How to complete this task: For the entries below, work out how many lines contain the string "Photo" and write only the number.
-- Source data follows --
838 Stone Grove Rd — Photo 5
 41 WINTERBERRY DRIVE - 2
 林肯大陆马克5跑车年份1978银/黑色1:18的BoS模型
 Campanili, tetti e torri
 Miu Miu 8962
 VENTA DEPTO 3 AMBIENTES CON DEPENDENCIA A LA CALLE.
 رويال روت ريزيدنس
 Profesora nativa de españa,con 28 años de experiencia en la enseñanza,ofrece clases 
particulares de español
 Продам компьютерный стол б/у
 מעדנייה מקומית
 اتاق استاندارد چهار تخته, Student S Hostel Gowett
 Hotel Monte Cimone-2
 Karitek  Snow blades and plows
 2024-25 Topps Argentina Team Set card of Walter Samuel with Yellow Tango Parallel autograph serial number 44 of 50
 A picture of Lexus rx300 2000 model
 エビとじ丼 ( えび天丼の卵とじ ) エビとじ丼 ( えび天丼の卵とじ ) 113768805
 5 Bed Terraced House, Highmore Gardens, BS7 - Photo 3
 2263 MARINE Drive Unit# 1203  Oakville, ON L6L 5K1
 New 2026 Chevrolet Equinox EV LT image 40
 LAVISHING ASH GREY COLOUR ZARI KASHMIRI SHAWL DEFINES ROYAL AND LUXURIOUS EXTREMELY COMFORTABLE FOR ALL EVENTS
-- Source data concluded --
Final answer: 2